A deep learning AI model predicted that within the top 1% of high-risk patients, one out of every three was diagnosed with atrial fibrillation (A-fib) within a year. The AI model accurately predicted the risk of death in patients who physicians deemed had a normal ECG, researchers reported.
“This is exciting and provides more evidence that we are on the verge of a revolution in medicine where computers will be working alongside physicians to improve patient care,” said senior author Brandon Fornwalt, M.D., Ph.D., associate professor and chair of the imaging science and innovation department at Geisinger.
Researchers at Geisinger completed two studies using AI and ECG data to predict the risk of two future health events — A-fib and mortality.
The research team believed that a deep learning model could predict A-fib before it develops. The researchers used 1.1 million ECGs that did not indicate the presence of A-fib in more than 237,000 patients.
Highly specialized computer hardware trained the AI model to analyze 30,000 data points for each ECG.
Along with one out of three of the top 1% of high-risk patients being diagnosed with A-fib within a year, those predicted to develop the condition at one year had a 45% higher hazard rate in developing A-fib over a 25-year follow-up than the other patients.
“Being able to understand who is at risk for having irregular heartbeats or atrial fibrillation then helps us understand who may be at risk of also having a stroke and then treating these individuals and preventing both atrial fibrillation and perhaps a stroke down the road.

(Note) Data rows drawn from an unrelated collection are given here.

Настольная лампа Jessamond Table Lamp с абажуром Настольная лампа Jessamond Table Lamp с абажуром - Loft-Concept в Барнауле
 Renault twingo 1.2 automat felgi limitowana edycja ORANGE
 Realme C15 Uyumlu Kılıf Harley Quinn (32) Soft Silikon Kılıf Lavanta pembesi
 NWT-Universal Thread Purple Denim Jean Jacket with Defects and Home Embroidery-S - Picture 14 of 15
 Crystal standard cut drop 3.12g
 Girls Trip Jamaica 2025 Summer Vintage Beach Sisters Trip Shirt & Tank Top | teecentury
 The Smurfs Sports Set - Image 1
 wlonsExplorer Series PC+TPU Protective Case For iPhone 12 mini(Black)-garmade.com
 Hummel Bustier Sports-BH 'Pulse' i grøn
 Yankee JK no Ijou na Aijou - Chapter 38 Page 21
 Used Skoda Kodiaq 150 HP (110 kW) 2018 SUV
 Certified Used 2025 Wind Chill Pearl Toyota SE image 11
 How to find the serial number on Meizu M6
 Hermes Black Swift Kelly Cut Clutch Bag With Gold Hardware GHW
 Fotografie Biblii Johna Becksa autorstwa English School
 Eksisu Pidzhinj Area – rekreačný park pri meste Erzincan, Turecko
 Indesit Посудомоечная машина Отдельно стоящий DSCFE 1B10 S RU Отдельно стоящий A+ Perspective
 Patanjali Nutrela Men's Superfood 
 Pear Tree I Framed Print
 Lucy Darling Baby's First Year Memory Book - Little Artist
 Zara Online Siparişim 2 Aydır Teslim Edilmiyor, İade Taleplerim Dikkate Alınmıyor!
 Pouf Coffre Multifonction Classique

Having these techniques at our fingertips and having more precise techniques to uncover potential atrial fibrillation now or in the future, is absolutely tremendous.” - Jennifer Hall, Ph.D., chief of the American Heart Association Institute for Precision Cardiovascular Medicine.
Researchers analyzed the results of 1.77 million ECGs and other records from nearly 400,000 patients to identify those most likely to die of any cause within a year.
The data were used to compare machine learning models that either directly analyzed raw ECG signals or needed human-derived measures and commonly diagnosed disease patterns.
The AI model that directly analyzed raw data was better at predicting one-year risk of death, the researchers found. The model detected risk patterns that cardiologists were unable to recognize, making them wrongly identify the ECG as normal.
“This is the most important finding of the study,” said Fornwalt. “This could completely alter the way we interpret ECGs in the future.”
The research will be presented at the American Heart Association’s Scientific Sessions 2019 from Nov. 16 to 18 in Philadelphia.